日中、多くの法友からも連絡を頂き、報道でも遷化の訃報を目の当たりにし、改めてその存在の大きさに気付かされた次第です。
前回の記事にも記した様に、私は安居中、直接お世話をさせて頂いた事もなく、あくまでも間接的にご指導を賜った立場の者でしかありません。
その私でさえ斯様ですから、身近でお世話に当たっていた隨身の方々の悲しみは察するところ余りあります。
改めて、衷心より弔意を表したいと存じます。
しかし、今回の訃報は想像以上に応えました。
宗門が社会の変革の波に曝されながらも、安心して我々が檀信徒教化に励む事ができるのも、全ては御山の存在があり、猊下の様な禅師家の存在があったからだと思います。
少なくとも私の場合はそうでした。
深山幽谷にて綿密なる法の実践が行じられている現実が、社会に出ても安心して頑張ってこれた一つの要因でもありました。
意思が弱く融通が効かない私は、今でも定期的に自らの確認作業をしに御山に出向きます。
その際に、法の実践を地でいく禅師様の存在に何度心救われたことか。
非常に恥ずかしい話でもありますが、私にとって定期的に御山にご奉公に出向くことは、一種の身心の矯正作業みたいなものでした。

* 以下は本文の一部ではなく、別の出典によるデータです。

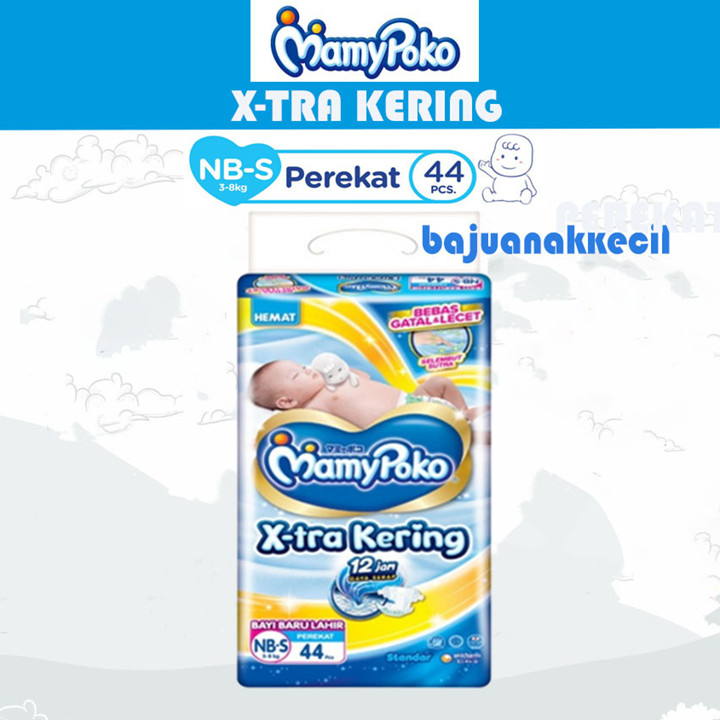 Mamypoko NBS44 Perekat NB New Born Xtra Kering NBS Pempes Newborn Popok Bayi Baru Lahir Sekali Pakai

知らず知らずのうちに人の体の骨が歪んでいくように、私の身と心も知らず知らずのうちに社会の荒波にて歪みが生じます。
その歪んだ身と心の矯正作業を御山に求めていたのです。
私は安居中、お二人の禅師様のもとで修行に励む事ができましたが、それぞれの禅師様の家風が弁道に反映される、大変ありがたい環境で安居を送る事ができました。
どこの世界でもそうでしょうが、修行環境というのはその時の指導者のカラーや個性で一変するものだと思います。
それは、時に良い意味でも悪い意味でも変化をもたらす事がありましょう。
しかし、私が安居していた頃の御山は、前者が「柔」で後者が「剛」といった「柔・剛」併せ持つ非常に恵まれた修行環境にあったと思います。
前の禅師様からは衆生縁のありがたさを学び、今の禅師様からは坐堂に居るだけで雰囲気が一変する禅師家の醍醐味というものを肌で体感できました。
これら「柔・剛」ともに交えた経験は、私の僧侶としてのかけがえのない財産となっております。
そういう意味で、私は良い意味で未だに御山を引きずっているのだと感じます。御山を引きずる事に対して、たまに懐疑的な意見を耳にする時がありますが、逆に引きずれない安居生活である事の方が寂しく感じる時もあります。
これからも私は、愛山護法の精神を自らの糧にしながら、僧として人生を全うしていきたいと思っております。
改めて、焚香夜坐の報恩行を以て、永平78世旃崖奕保大和尚の慈恩に酬い給わんことを祈念申し上げます。